First thing you can plot is the dotted bar with the items count. If each status cell is 1.0 high (to be split between Complete and WIP percentages) we can allocate something like 40% (height=1.4) more for the label.

ax.bar(0, 1.4, width=1, edgecolor='black', lw=1, ls='dotted', color="white")

Now let's plot the main part, you want a first bar that goes from 0 to the frequency of ItemStatus == WIP and the second bar that starts from this frequency and goes up to one.
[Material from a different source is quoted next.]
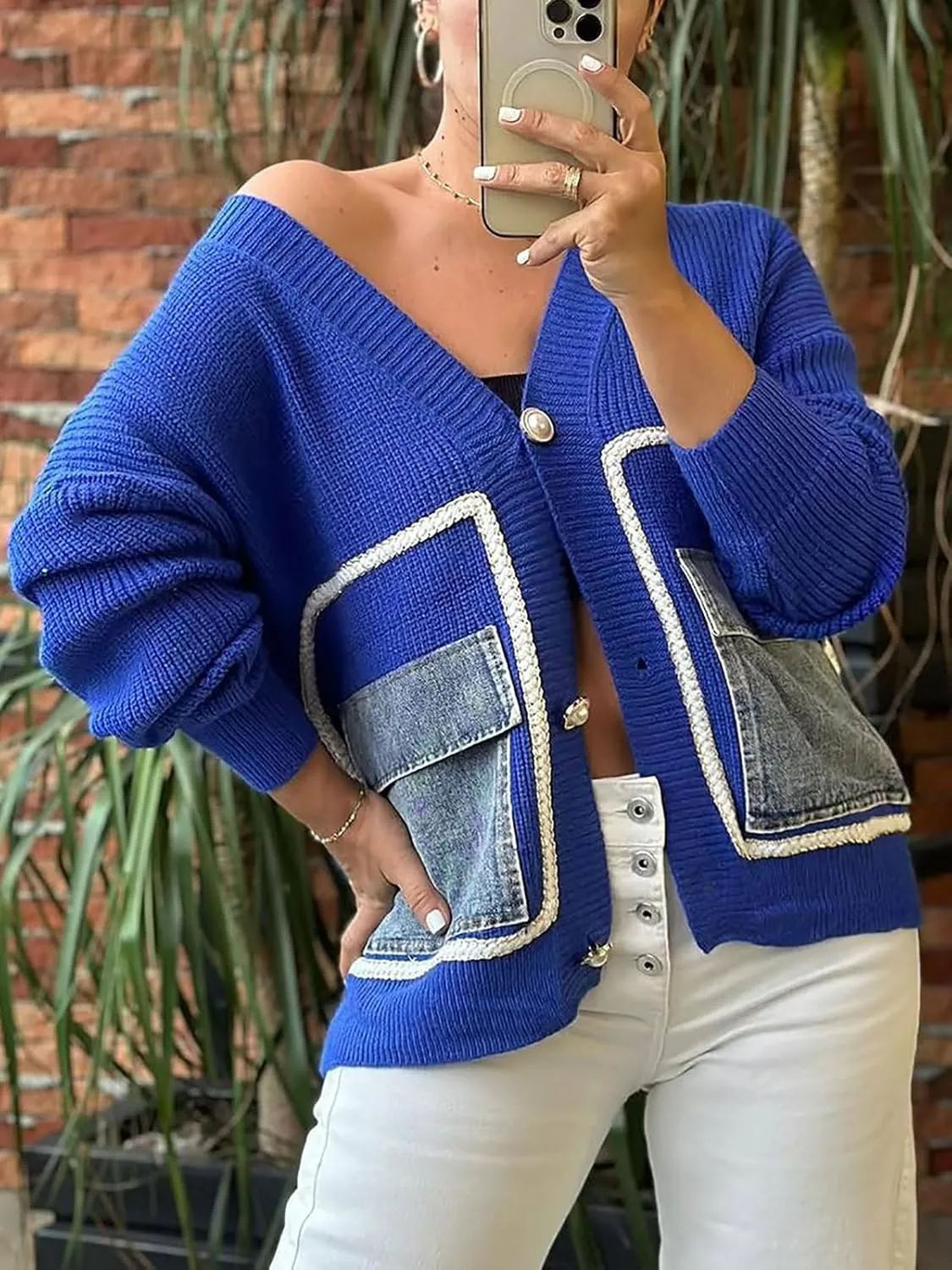 KANSOON Cardigan Sweaters for Women Casual Open Front Button Down Denim Patchwork Loose Knit Outerwear with Pockets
You can get each status count with value_counts and divide by total to get percentages.

bottom = 0
for i, s in enumerate(df['ItemStatus'].value_counts().iteritems()):
    label, count = s
    freq = count / float(total)

    r, = ax.bar(0, freq, width=1, bottom=bottom, color=bg[i], edgecolor='black', lw=3)

    ax.text(r.get_x() + r.get_width()/2.,
            r.get_y() + r.get_height()/2.,
            '{}% ({}) Items {}'.format(int(freq * 100), count, label),
            ha="center", va="center", color=fg[i])

    bottom += freq

Now you just need the n Items label. You can use the latest bar plot r coordinates to properly center it.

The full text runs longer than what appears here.